Not so long ago, direct aisle access along with the ability to lie horizontally were the hallmarks of comfort on airplanes if on entering you happened to be turning right and not left. Fast-forward a decade and the prevailing new high-water mark is now the private suite with sliding doors, expansive entertainment screens and even double beds.
Qatar Airways’ Qsuite allows four passengers to dine together face-to-face, while Virgin Atlantic’s Retreat Suite offers an oversized version of business class that aims to blur the line between where the suits sit and first. At the very front of the plane, showers and private bedrooms have raised the bar even further.
However, as airlines continue to compete on seclusion, space, and spec, the business appears to have flown itself into a dilemma: If square footage is the ultimate flying luxury, now we live in a world where your sky space can be more akin to a bijou hotel room, what happens when there’s no more room left to give?
“Business class used to be all about hardware—the seat, the screen, the privacy door,” Nigel Goode, chairman of design studio PriestmanGoode, says, agreeing that the sky-high space race is coming to a close. “But now it's about human-centred design. The Qsuite that we originally developed for Qatar Airways broke the mold because it gives passengers so much more scope. They can sit as a four, they can be in a family, there's a double bed option. You can adapt your own privacy level.”
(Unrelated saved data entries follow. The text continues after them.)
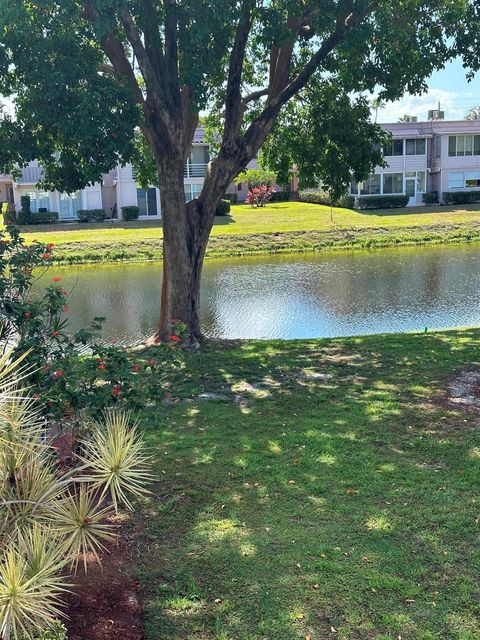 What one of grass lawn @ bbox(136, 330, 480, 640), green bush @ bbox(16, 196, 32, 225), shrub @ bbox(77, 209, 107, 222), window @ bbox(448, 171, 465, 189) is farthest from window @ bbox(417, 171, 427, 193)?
grass lawn @ bbox(136, 330, 480, 640)

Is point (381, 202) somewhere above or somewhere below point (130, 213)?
above

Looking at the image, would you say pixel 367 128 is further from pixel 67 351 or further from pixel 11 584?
pixel 11 584

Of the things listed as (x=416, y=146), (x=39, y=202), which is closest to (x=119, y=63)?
(x=39, y=202)

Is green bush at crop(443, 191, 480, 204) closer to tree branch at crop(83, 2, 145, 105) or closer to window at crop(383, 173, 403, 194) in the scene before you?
window at crop(383, 173, 403, 194)

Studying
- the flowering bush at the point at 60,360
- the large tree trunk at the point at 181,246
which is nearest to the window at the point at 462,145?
the large tree trunk at the point at 181,246

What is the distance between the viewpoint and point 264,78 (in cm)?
1498

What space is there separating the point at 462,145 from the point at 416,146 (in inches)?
126

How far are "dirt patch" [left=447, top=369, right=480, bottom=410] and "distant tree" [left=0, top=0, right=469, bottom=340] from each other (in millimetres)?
4765

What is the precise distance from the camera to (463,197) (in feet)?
146

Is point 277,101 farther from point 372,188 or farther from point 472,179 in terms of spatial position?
point 472,179

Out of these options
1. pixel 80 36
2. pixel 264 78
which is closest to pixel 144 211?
pixel 264 78

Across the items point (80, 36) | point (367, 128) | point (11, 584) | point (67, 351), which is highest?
point (80, 36)

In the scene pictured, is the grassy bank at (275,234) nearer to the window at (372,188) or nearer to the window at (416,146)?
the window at (372,188)

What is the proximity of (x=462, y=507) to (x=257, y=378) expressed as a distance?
15.3 ft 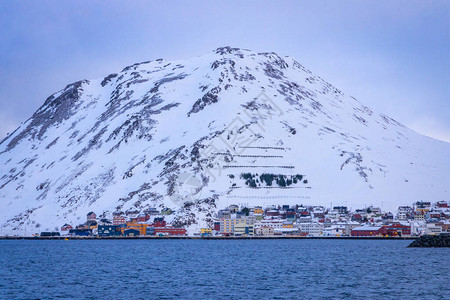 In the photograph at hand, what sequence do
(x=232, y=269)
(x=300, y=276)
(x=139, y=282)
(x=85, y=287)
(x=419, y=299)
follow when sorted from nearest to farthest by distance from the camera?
(x=419, y=299) < (x=85, y=287) < (x=139, y=282) < (x=300, y=276) < (x=232, y=269)

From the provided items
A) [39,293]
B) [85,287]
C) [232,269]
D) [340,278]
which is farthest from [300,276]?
[39,293]

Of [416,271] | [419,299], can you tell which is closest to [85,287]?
[419,299]

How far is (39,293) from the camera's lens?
73062mm

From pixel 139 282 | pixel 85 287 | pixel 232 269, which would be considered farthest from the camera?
pixel 232 269

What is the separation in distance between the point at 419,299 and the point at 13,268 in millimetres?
73698

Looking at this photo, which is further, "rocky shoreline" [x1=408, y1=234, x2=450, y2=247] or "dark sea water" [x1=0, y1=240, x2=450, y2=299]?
"rocky shoreline" [x1=408, y1=234, x2=450, y2=247]

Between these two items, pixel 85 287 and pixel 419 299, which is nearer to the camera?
pixel 419 299

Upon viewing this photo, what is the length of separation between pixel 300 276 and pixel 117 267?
3554cm

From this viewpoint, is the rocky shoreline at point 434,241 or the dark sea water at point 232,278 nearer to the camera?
the dark sea water at point 232,278

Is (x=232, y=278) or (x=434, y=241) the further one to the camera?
(x=434, y=241)

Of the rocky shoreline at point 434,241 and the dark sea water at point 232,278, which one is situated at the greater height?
the rocky shoreline at point 434,241

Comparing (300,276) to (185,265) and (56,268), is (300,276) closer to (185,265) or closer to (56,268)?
(185,265)

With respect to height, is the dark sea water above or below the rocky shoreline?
below

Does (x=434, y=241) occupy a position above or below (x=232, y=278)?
above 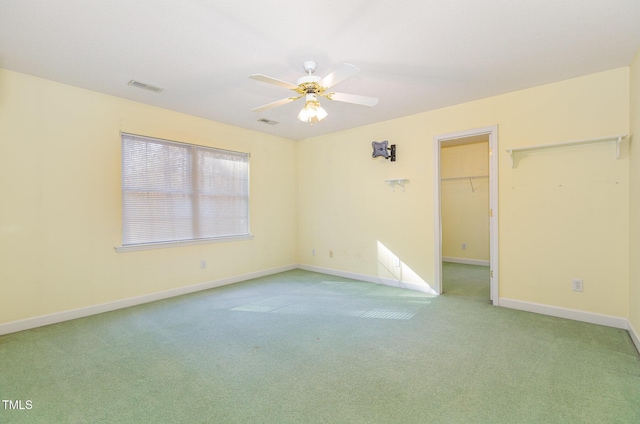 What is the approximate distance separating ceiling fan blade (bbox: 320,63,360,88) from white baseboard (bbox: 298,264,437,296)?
3.15 m

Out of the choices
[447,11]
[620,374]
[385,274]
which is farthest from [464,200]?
[447,11]

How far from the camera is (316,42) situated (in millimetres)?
2400

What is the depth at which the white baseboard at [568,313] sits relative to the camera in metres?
2.92

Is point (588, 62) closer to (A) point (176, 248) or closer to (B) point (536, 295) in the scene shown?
(B) point (536, 295)

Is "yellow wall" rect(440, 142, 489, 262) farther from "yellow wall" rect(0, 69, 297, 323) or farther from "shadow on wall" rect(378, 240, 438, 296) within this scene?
"yellow wall" rect(0, 69, 297, 323)

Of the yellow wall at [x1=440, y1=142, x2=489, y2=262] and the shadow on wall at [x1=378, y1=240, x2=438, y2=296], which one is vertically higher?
the yellow wall at [x1=440, y1=142, x2=489, y2=262]

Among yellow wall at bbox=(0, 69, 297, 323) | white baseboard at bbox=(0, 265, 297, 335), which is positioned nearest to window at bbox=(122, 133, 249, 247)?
yellow wall at bbox=(0, 69, 297, 323)

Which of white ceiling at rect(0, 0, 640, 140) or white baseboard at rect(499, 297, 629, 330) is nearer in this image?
→ white ceiling at rect(0, 0, 640, 140)

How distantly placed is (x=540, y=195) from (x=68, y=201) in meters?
5.27

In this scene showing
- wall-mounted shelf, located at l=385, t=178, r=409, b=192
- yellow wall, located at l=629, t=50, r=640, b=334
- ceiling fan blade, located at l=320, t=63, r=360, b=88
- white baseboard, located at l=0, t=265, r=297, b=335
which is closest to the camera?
ceiling fan blade, located at l=320, t=63, r=360, b=88

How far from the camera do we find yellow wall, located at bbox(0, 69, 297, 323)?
9.65ft

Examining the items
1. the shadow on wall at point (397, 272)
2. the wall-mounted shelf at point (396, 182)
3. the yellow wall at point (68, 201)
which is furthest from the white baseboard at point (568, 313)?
the yellow wall at point (68, 201)

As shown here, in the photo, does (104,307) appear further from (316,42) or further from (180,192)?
(316,42)

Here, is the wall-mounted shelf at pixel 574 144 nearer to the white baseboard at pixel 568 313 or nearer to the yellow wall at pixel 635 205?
the yellow wall at pixel 635 205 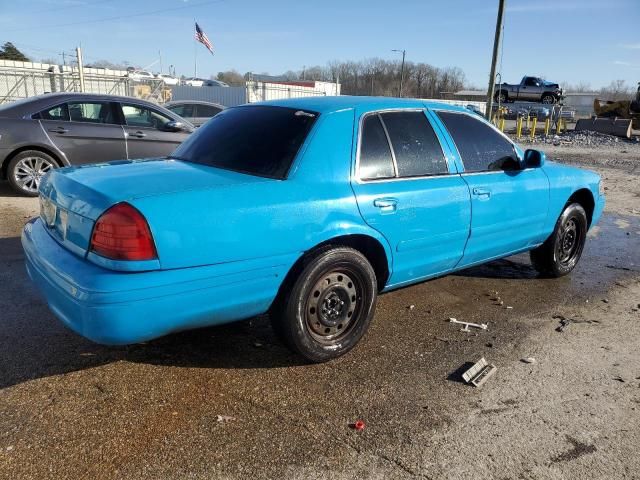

Airline cabins are becoming hybrid communal spaces where passengers can decide to be alone or interact with others—but now there's no more room to expand. Courtesy of Qatar Airways
This shift is apparently redefining cabin formats around intent rather than hierarchy, and unlocking new revenue models for airlines. Key trends? Technology that supposedly can reflect passenger mood, hybrid layouts that balance solitude with sociability, and sustainability as status with lightweight materials that tell a carbon story. Nippon Airways, for example, has just announced "THE Room FX" cubicle coming in 2026 for business travelers that despite the extra kit involved in being a private cabin seat, the whole pod has a comparable weight to the current Boeing 787-9 business class seat.